寝室の隅に曲線カーブのおしゃれなソファがコーディネートしてあるのもポイントです。
先ほどの寝室の入り口からチラっと見えていたのが、このデスクスペースのチェアです。
大きな窓に向かってデスクをレイアウトしてあるので、明るい♪
窓にはカーテンではなくローマンシェードをあしらって、上質なインテリアが作ってあります。
2.ダークカラーの家具で高級感を演出したマンションのリビング&ダイニングの例
TVボードやデスクなど、ホテルに置いてある家具は、薄い茶色よりも濃い茶色の方が多い気がします。
一般的な住まいでホテルっぽいインテリアにする時は、ベッドカバーや床、部屋の真ん中に置くチェアやソファなどは、ベージュや白などの薄い色にして、家具に黒やダークブラウンをチョイスすると、狭さを感じないインテリアが作れます。
TVボード、リビングテーブル、サイドテーブルをダークブラウンにして、ソファと一人掛けソファは無難なライトグレーをコーディネートしたリビングの例。
カーペットにも薄いベージュが使ってあるので、家具による圧迫感はゼロ。
テーブルランプやフロアランプを部屋の隅にレイアウトし、ムーディーなリビングが演出してあります。
先ほどの写真の手前にあるのが、このダイニング。
ダイニングテーブルは、リビングの家具と同じダークブラウン。チェアはソファと同じライトグレーです。

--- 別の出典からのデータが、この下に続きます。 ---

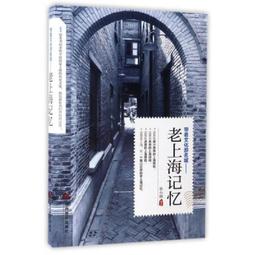帶著老師一起蹺課   【金石堂】 歷史價格詳細信息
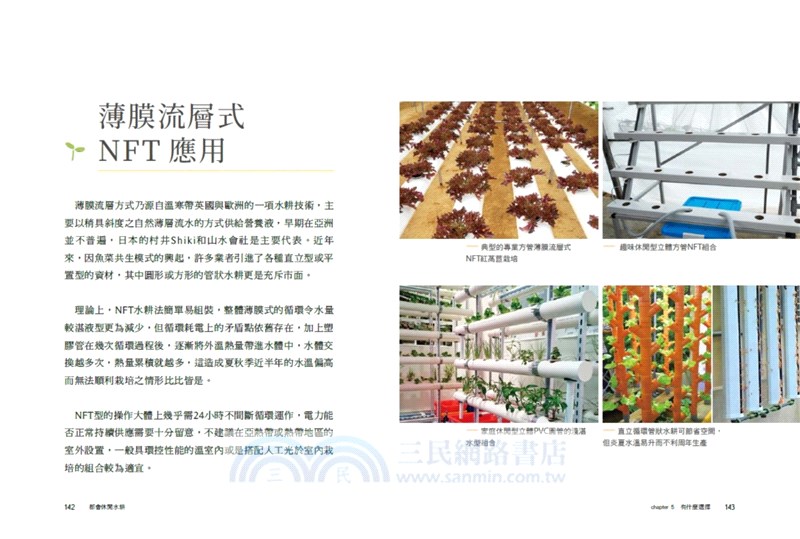 都會休閒水耕：實踐家庭綠化生活，植物蔬果栽培玩賞，田園樂趣豐收美味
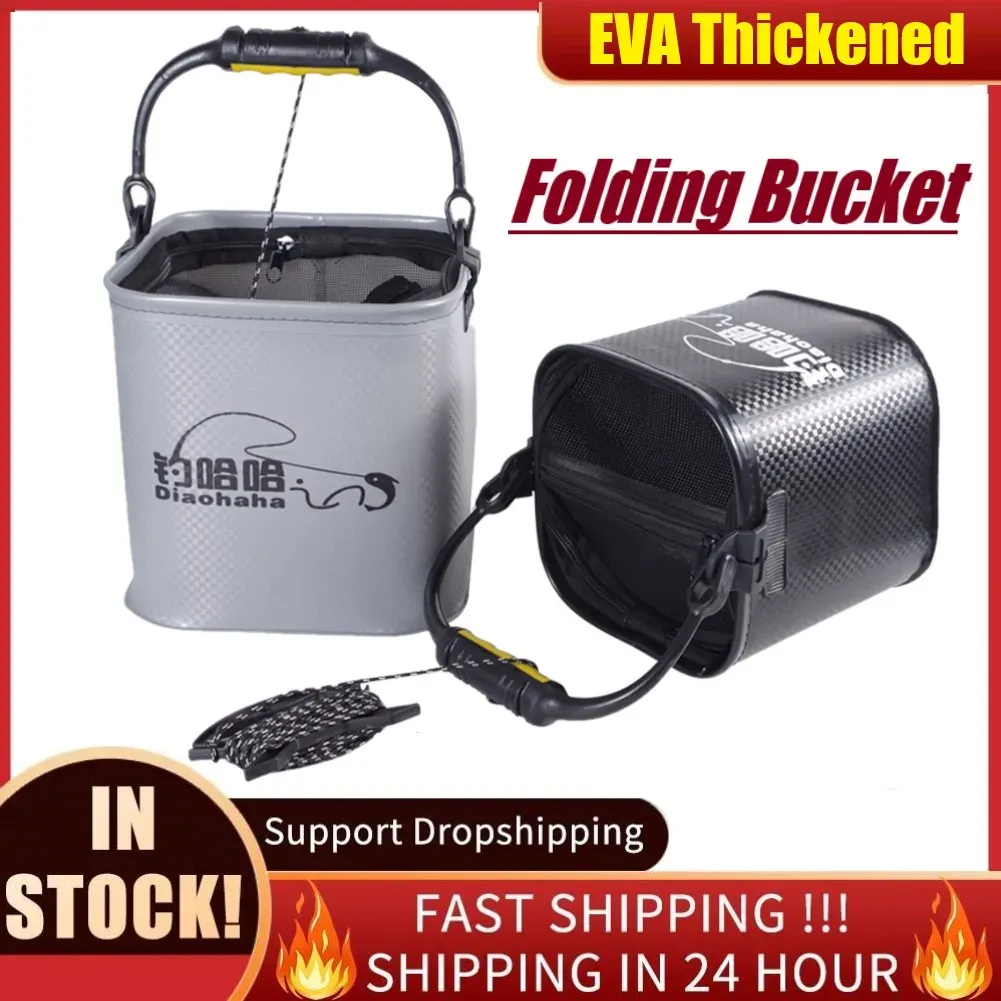 Bolsas 2023 nova isca de pesca dobrável EVA EVA portátil Fish Fish Bait Live Bait Bait Fish Bucket Outdoor dobring Bag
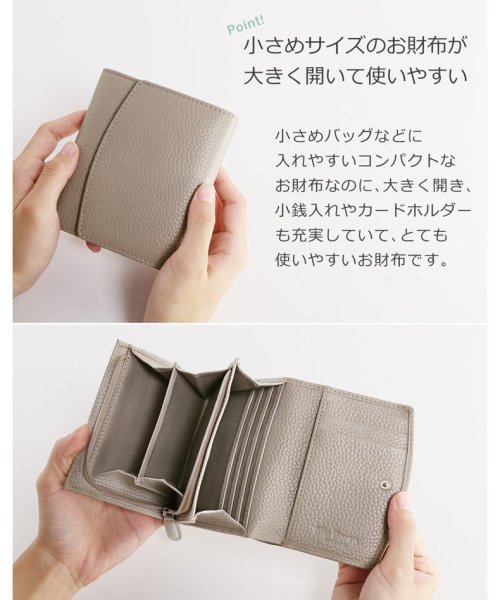 sankyoshokai(サンキョウショウカイ)/[MiaBorsa]牛革レザー二つ折りミニ財布/img03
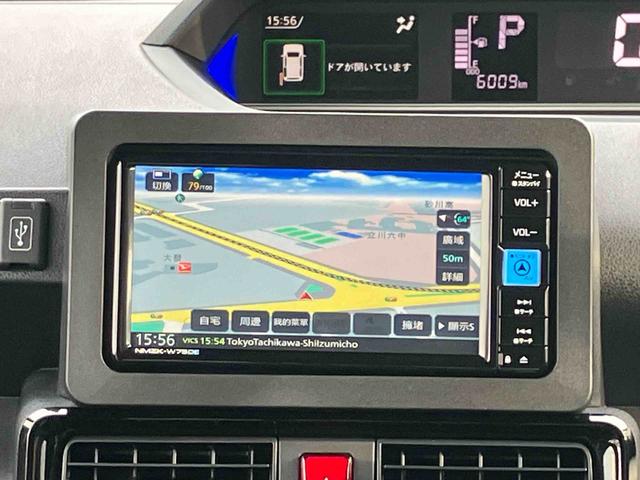 タントカスタムＲＳ　７インチナビ・パノラマカメラ備新車保証・まごころ保証　１年間・走行距離無制限インタークーラーターボエンジン　純正７型オールインワンナビ　パノラマモニター対応カメラ　両側電動スライドドア　両席シートヒーター　電動パーキングブレーキ（東京都）の中古車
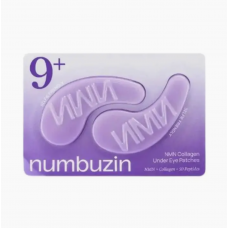 Омолаживающие патчи под глаза с NAD+ и коллагеном Numbuzin No.9 NAD+ Collagen Under Eye Patches, 1 шт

写真では別々の部屋のように見えますが、リビングとダイニングが縦長につながったワンルームタイプです。
ダイニングからリビングを見たのがこの写真。
リビングとダイニングに置いてあるテーブル類と椅子(ソファ、ダイニングチェア)の色が同じなので、“一つの空間”という印象がしますね。

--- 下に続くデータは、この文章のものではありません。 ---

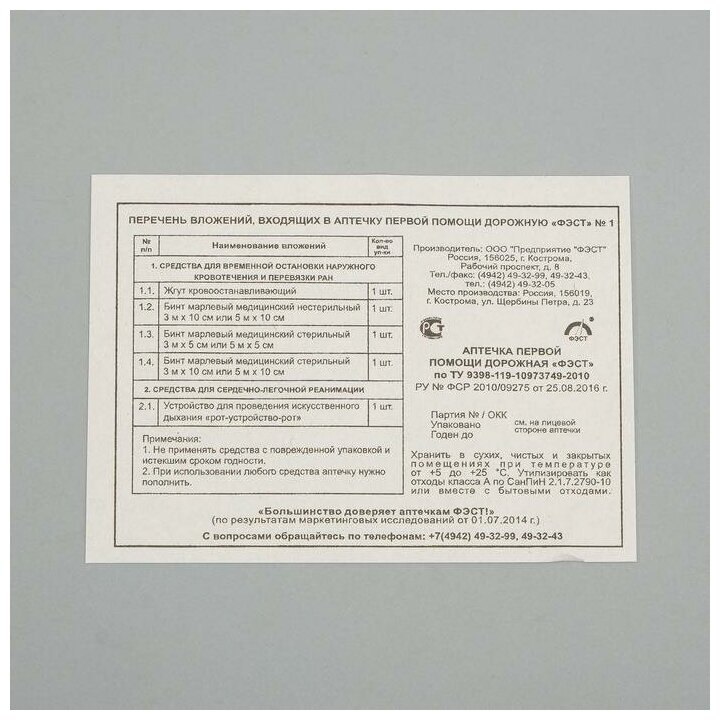 Фэст аптечка первой помощи дорожная (футляр №5) ООО Предприятие ФЭСТ - фото №5
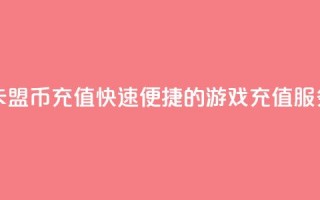 卡盟Q币充值,快速便捷的游戏充值服务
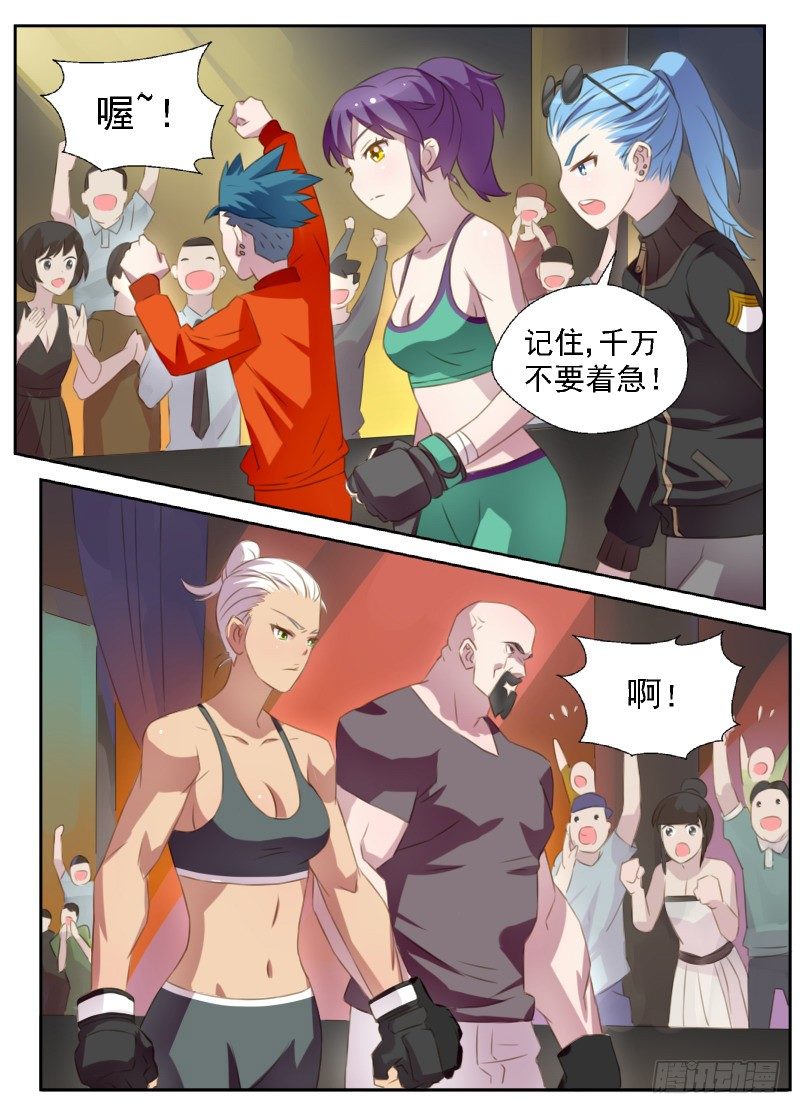 第2话 黑拳（中）-第2话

3.レザー素材を取り入れた格好良いリビング&ベッドルームの例
モダンなホテルの客室インテリアには、高級感のあるレザー素材や黒の家具が使ってあることがあります。
そんなちょっぴりリッチなインテリアを意識したのが、この事例。
リビングには、ダークグレーのコーナーソファをメインに、リビングテーブルやチェアも黒っぽいカラーで統一。

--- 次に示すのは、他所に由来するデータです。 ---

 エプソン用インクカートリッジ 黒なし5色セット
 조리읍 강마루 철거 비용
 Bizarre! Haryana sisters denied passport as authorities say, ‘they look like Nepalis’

8畳以上ありそうな広いリビングですが、高級感のあるカラーコーディネートは狭いリビングでも参考にできます。
狭い部屋で、この事例と似たような色にするなら、ソファは壁を背にレイアウトするのがベスト。
元々広いリビングですが、ボリュームのある家具(ソファ)を壁に沿ってレイアウトすることで空間に開放感を演出してあります。
廊下やホールなどの空いたスペースにレザーベンチとカウハイドラグのコンビを置いて…。
ベンチは、バルセロナデイベッドbyミースファン・デル・ローエです。
1個前のリビングに置いてあるのもミースファン・デル・ローエのバルセロナチェアです。
寝室のベッドの足元にも黒のレザーのベンチをレイアウトして。
ベンチは、Florence Knoll Bench by Knoll(英語サイト/日本でも通販で取扱いのあるショップがあります。)
寝室の大きな窓の下には、一人掛けチェアをハの字にレイアウトした読書が…。
チェアの間にある筒みたいなデザインのミニテーブルは、Platner Side Table by Knoll(英語サイト/日本の通販でも扱っているショップがあります。)
4.黒・ベージュ・茶色のコンビネーションが絶妙!!縦長ダイニングの例
「ホテルのような生活感を感じない部屋は好きだけど、そんなインテリアは、非日常的過ぎて落ち着かない。」
こう感じてしまう場合は、インテリアカラーにベージュや茶色を取り入れると暖かさを感じる部屋になります。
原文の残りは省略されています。